Yasmin Ibrahim Protests FGM Practices In Her Modest Streetwear Collection

TW: Sexual assault and child abuse

Meet upcoming graduate designer Yasmin Ibrahim whose first collection is a moving message, encouraging women to take ownership of their bodies.

Ibrahim’s collection is inspired by her youth growing up as an African Muslim woman. She was subjected to the harmful practice of FGM when she was 6-years-old, a pain Ibrahim has taken and turned into beautiful pieces that interweave other fond memories she has of growing up in Somalia.

Putting forward modern streetwear garments for the modern woman, most of the collection is crafted from a football jersey fabric that stems from the second-hand football shirts Ibrahim saw kids wearing in Somalia. The oversized and flowy silhouettes are similar to what men and women traditionally wear in Somalia, but Ibrahim gives them an edge with her intentional use of colours and prints. The clothes sit away from the wearer’s body, surrounding it in a soft cocoon that draws the attention away from the body and directs the focus to the clothes instead.
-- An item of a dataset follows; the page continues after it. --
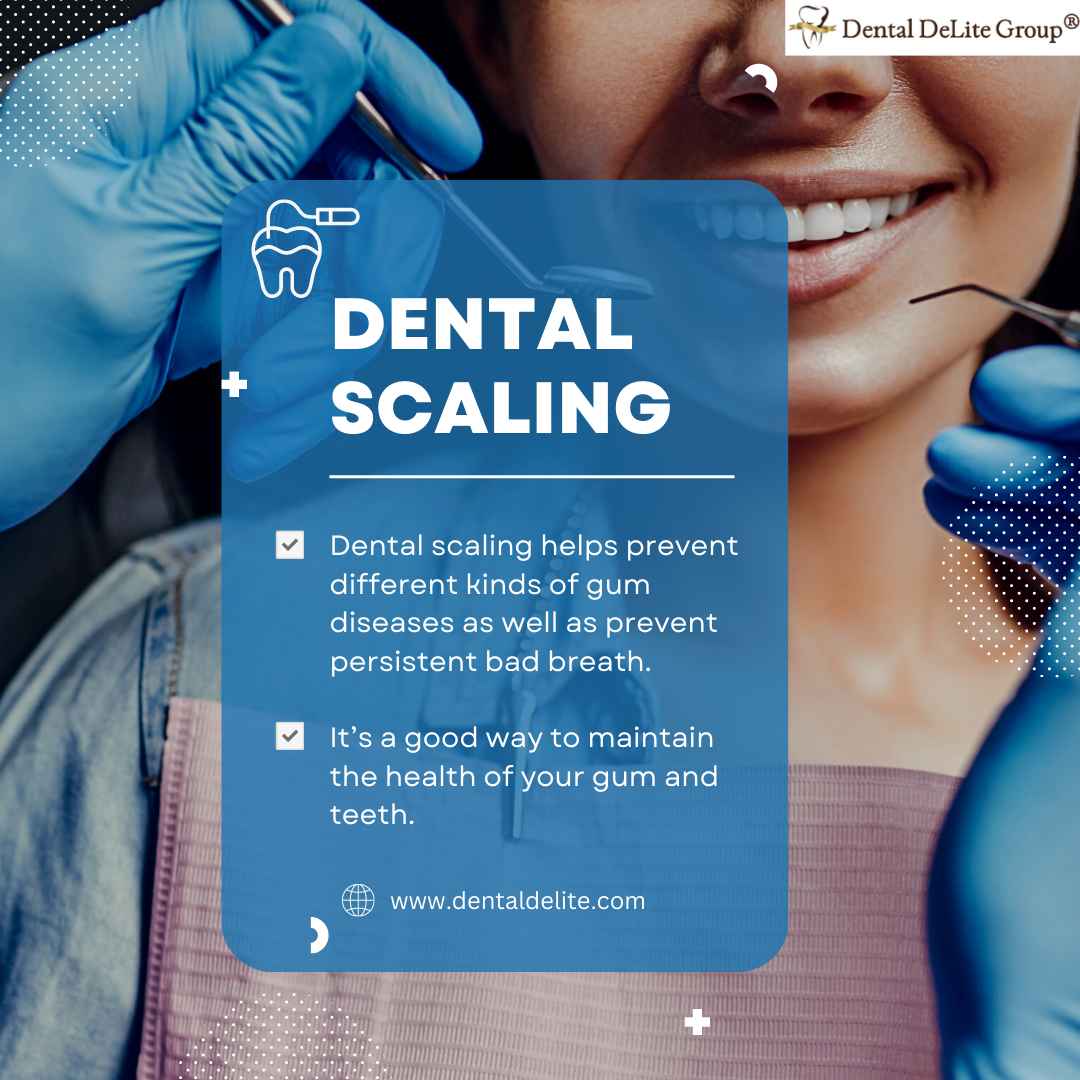 Dental Scaling in Dallas and Duncanville, TX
We got to know Yasmin Ibrahim and her work better in the interview below:

Tell us a bit about yourself? 

Hi, I’m Yasmin Ibrahim, a 27-year-old Somali, born and raised. When I was around 10 years old, we migrated through Ethiopia and then to the UK. After going through different career choices, I chose to study fashion design. There are a lot of things that I like to do but my favourite to do is explore – different places, different art, just different worlds. 

What got you interested in clothes/fashion?

Growing up as a Muslim in the UK, it was really hard to dress up. I always admired the clothes that my friends were wearing. Going to Primark and not finding anything to work with was difficult. I wanted to look cool and young but at the same time be modest. My mum would buy clothes for me from marketplaces, but they were not interesting to me. So as I grew older, I wanted to create modest streetwear clothing that made me feel cool but at the same time feel like I belonged in this modern British space. 

How many pieces are featured in the collection?

I had three pieces featured in this collection. The original number was six, but because of COVID, we were really restricted. People were showing their designs through Zoom, and at the same time, the print and sewing room had limited access. With the remaining three designs that didn’t make it, I wanted to give them a fresh perspective. Three pieces didn’t feel like enough, so the next collection will be bigger, with new designs and a new colour palette.

The pieces are printed with text – can you tell us what the text says and what it means?

The print on the designs says ‘Jirkeeyga’, which translates to ‘my body’. It was really my own experiences with owning my body that inspired me. When I was a child, I was forced to undergo FGM. Nobody should decide what is done to your body. You’re in control of it, and I just wanted to remind people of that.

It is brave of you to speak about your experience through fashion – how has it helped you process what you experienced?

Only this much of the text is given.